Similar to the traditional flat-screen TV game, the home projector game consists of two types of technologies: LCD and DLP. Short for Liquid-Crystal Display, LCD projectors are a cousin of their Television brethren. DLP, short for Digital Light Projection, is a brand of projector technology that uses a Digital Micromirror Device (DMD).
A DMD is actually about the size of a microchip, and consists of thousands of tiny computer-controlled mirrors. Each tiny mirror on the chip represents one pixel on screen. Like all things digital, these mirrors can be turned on and off by adjusting the angle of the mirror on the chip towards the projector lens, or away from it.
The other major part of a DLP projector is the Color Filter, or Color Wheel. This fast spinning wheel has translucent red, green, and blue sections, that together with the DMD forms a moving image. From the light source, light travels through a "condensing lens" to focus it as it travels through the color wheel, back out through a "shaping lens", which then focuses it on the DMD. The DMD then reflects the image out the projector lens and onto your silver screen.

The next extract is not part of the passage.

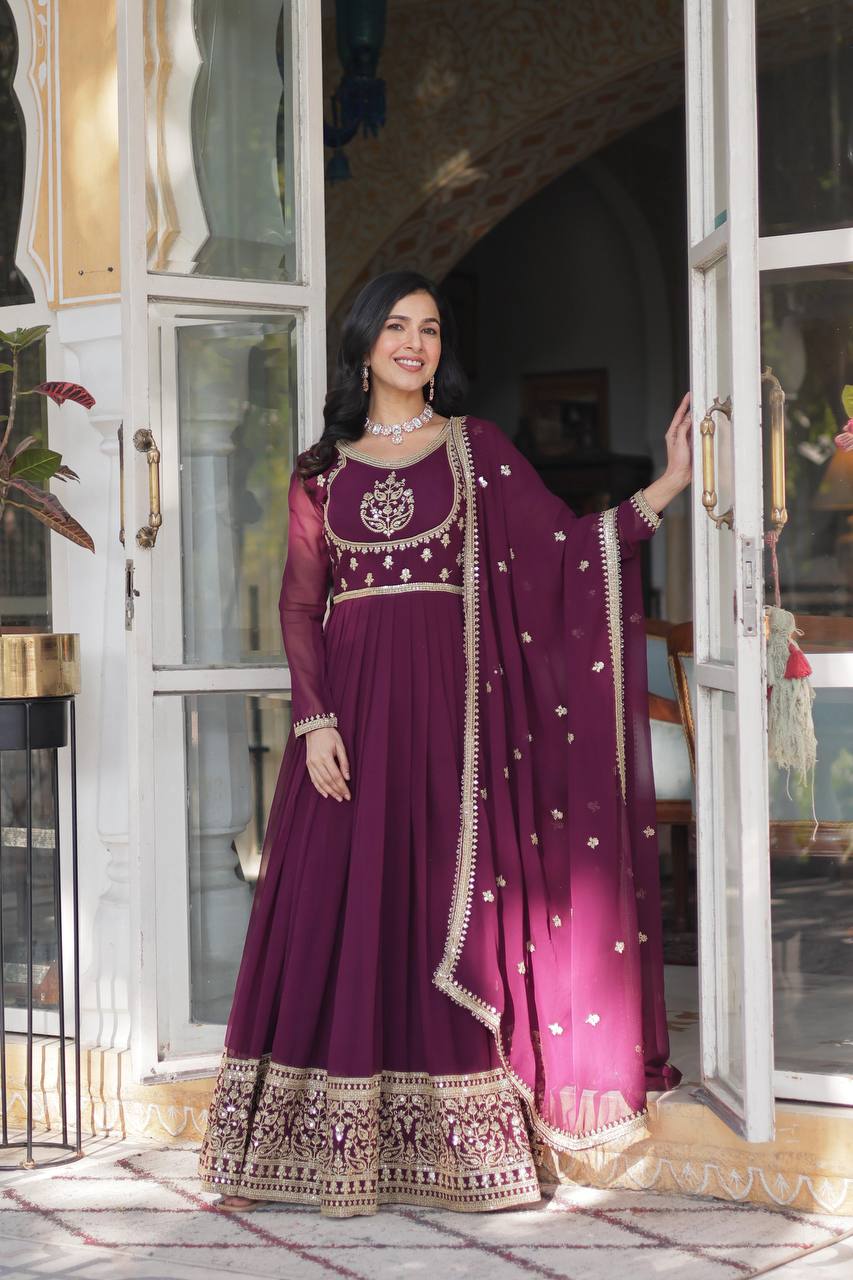 Radiant Faux Georgette Sequins Embroidered Gown With Dupatta - INDIAN ELEGANCE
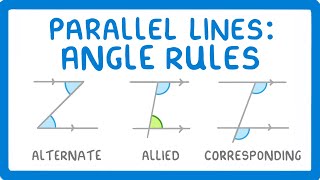 GCSE Maths  Alternate Corresponding and Allied Angles  Parallel Lines Angle Rules 117 [upl. by Mat]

DLP diagram by Cameron Christopher
LCD projectors work similarly to old-school slide projectors. These projectors incorporate small translucent LCD panels, which work just like those in large flat-panel TVs. White light is emitted from the light source, and is split up into three parts by "separation prisms". These three light beams each pass through a separate red, green, and blu filter, and then through their own tiny LCD panels. From there, the three beams go through "combining prisms" which - surprise! - combine them into one light beam before going out the optical lens and onto your projector screen.
LCD projector diagram by Cameron Christopher
Compared to LCD projectors, DLP tends to have smoother video, with a higher contrast ratio, "blacker" blacks, and a more film-like and cinematic feel. Additionally, if space is an issue, DLP projectors are physically smaller. On the downside, some older DLP projectors may suffer from the so-called "rainbow effect" where the edges of brightly lit moving objects may appear as red-green-blue ghosts instead of white. DLP also tends to run hotter, and due to the spinning color wheel, may make a noticeable whine or hum when in use.
On the flip side, LCD projectors run cooler and quieter than DLP, and can produce a brighter image when placed in a room with a lot of ambient light. However, these projectors don't have the same contrast ratio as DLP, with blacks appearing to be more grey. Also, some LCDs can produce a "screen-door" effect, making images appear blocky with small spaces between pixels.
Both DLP and LCD projectors measure their light output in lumens. Generally speaking, the higher the lumens, the brighter your picture. However, a brighter picture doesn't necessarily mean a higher quality picture! Additionally, while a projector can spit out 2,000 lumens, other considerations must be taken into account, such as room size, screen size, screen material and reflectivity, and perhaps most importantly, ambient light. The more ambient light in your home theatre, the more light needed to project light onto the screen. Most home theatre projectors range from 1500-3000 lumens, depending on your application.
Armed with the basics of home projectors, the time has arrived to light up your living room with all your favorite Couch Mode likes. Happy watching!
Bright lights, big screen, how do home projectors work their magic?